O neoliberalismo é em primeiro lugar uma teoria das práticas político- econômicas que propõe que o bem-estar humano pode ser melhor promovido liberando-se as liberdades e capacidades empreendedoras individuais no âmbito de uma estrutura institucional caracterizada por sólidos direitos à propriedade privada, livres mercados e livre comércio. O papel do Estado é criar e preservar uma estrutura institucional apropriada a essas práticas; o Estado tem de garantir, por exemplo, a qualidade e integridade do dinheiro. Deve também estabelecer as estruturas e funções militares, de defesa, da polícia e legais requeridas para garantir direitos de propriedade individuais e para assegurar, se necessário pela força, o funcionamento apropriado dos mercados. Além disso, se não existirem mercados (em áreas como a terra, a água, a instrução, o cuidado de saúde, a segurança social ou a poluição ambiental), estes deverão ser criados,
214 Os Planos de estabilização econômica que ocorreram a partir de 1986 foram: Cruzado (1986), Bresser (1987), Verão (1989), Collor (1990), Real (1994), Real (1999). Fonte: SAYAD, João. Planos de Estabilização
Econômica. Acessível em
http://www.tecsi.fea.usp.br/eventos/contecsi2004/brasilemfoco/port/economia/panorama/apresent/q-plano.htm. Acessado em 21 de julho de 2012.

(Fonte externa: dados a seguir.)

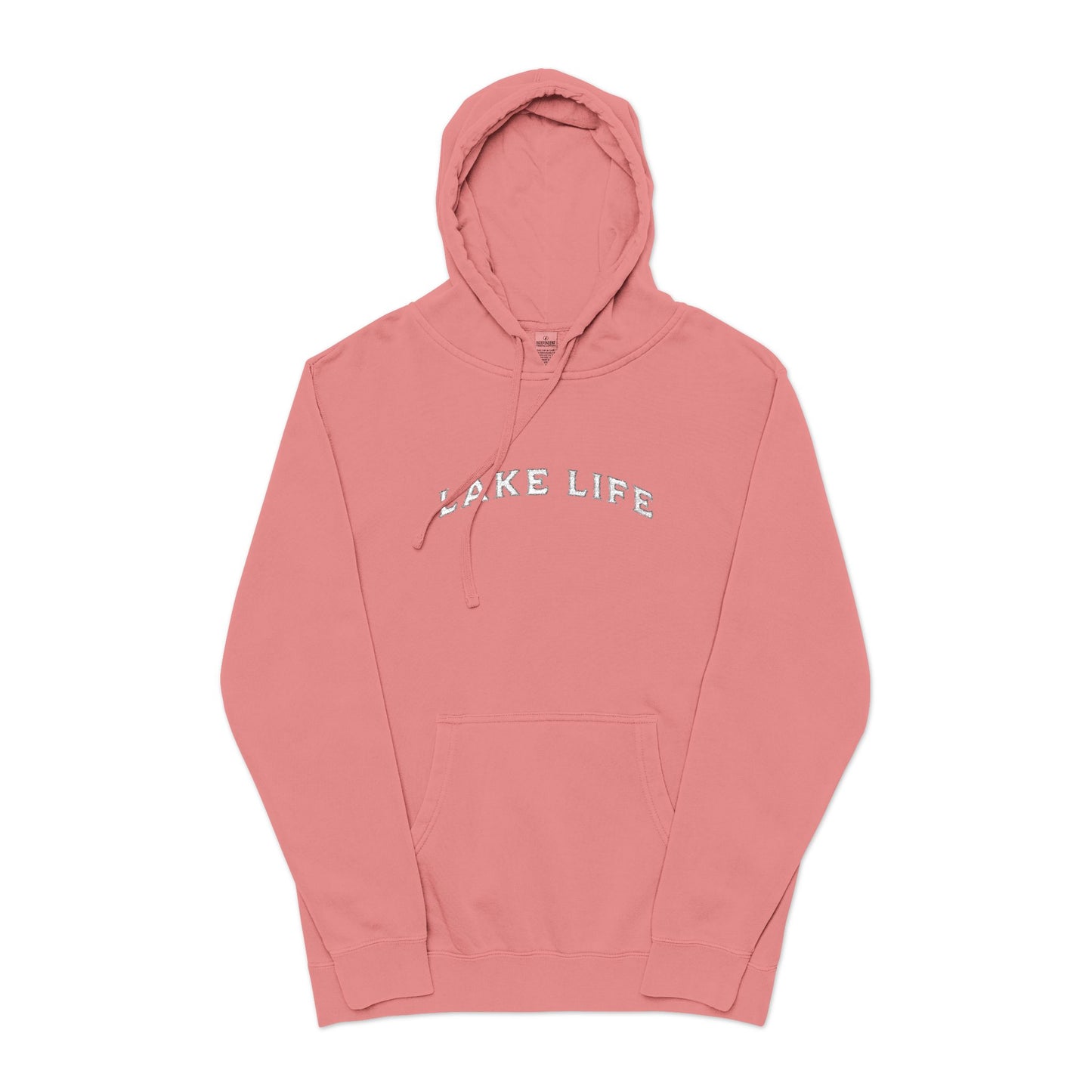 Lake Life Embroidered Hoodie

se necessário pela ação do Estado. Mas o Estado não deve aventurar-se para além dessas tarefas. As intervenções do Estado nos mercados (uma vez criados) devem ser mantidas num nível mínimo, porque, de acordo com a teoria, o Estado possivelmente não possui informações suficientes para entender devidamente os sinais do mercado (preços) e porque poderosos grupos de interesse vão inevitavelmente distorcer e viciar as intervenções do Estado (particularmente nas democracias) em seu próprio benefício215.

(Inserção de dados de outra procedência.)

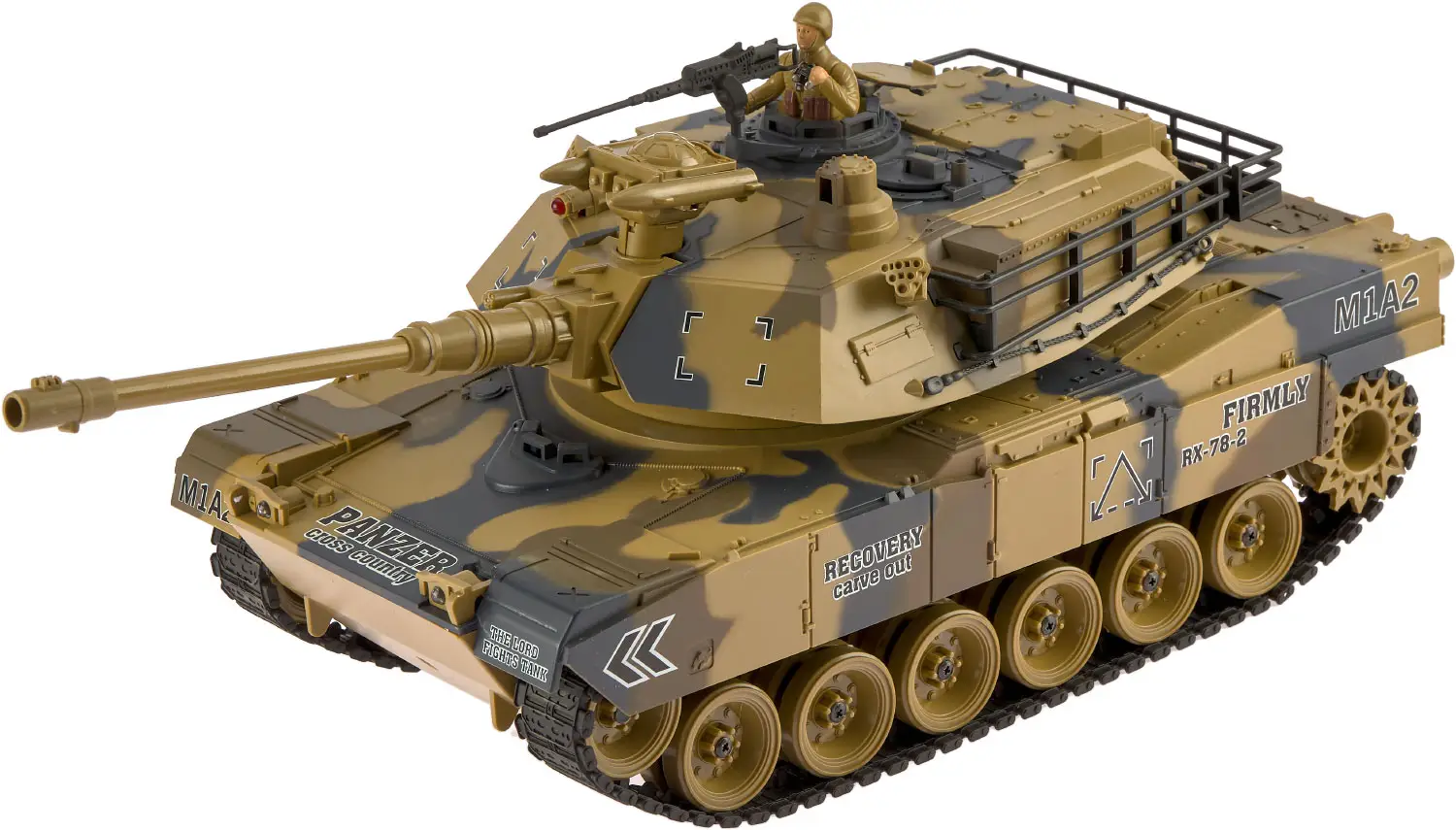 Танк на радиоуправлении ZIPP Toys 789 "USA M1A2" 1:18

O autor cita especificamente a política de privatizações, a abertura de mercados e a precarização das relações de trabalho. As contundentes palavras de Harvey equiparam-se aos rumos adotados no Brasil no pós-Regime Militar e explicam o crescente interesse do Estado brasileiro em se afastar do atendimento às necessidades da área de habitação.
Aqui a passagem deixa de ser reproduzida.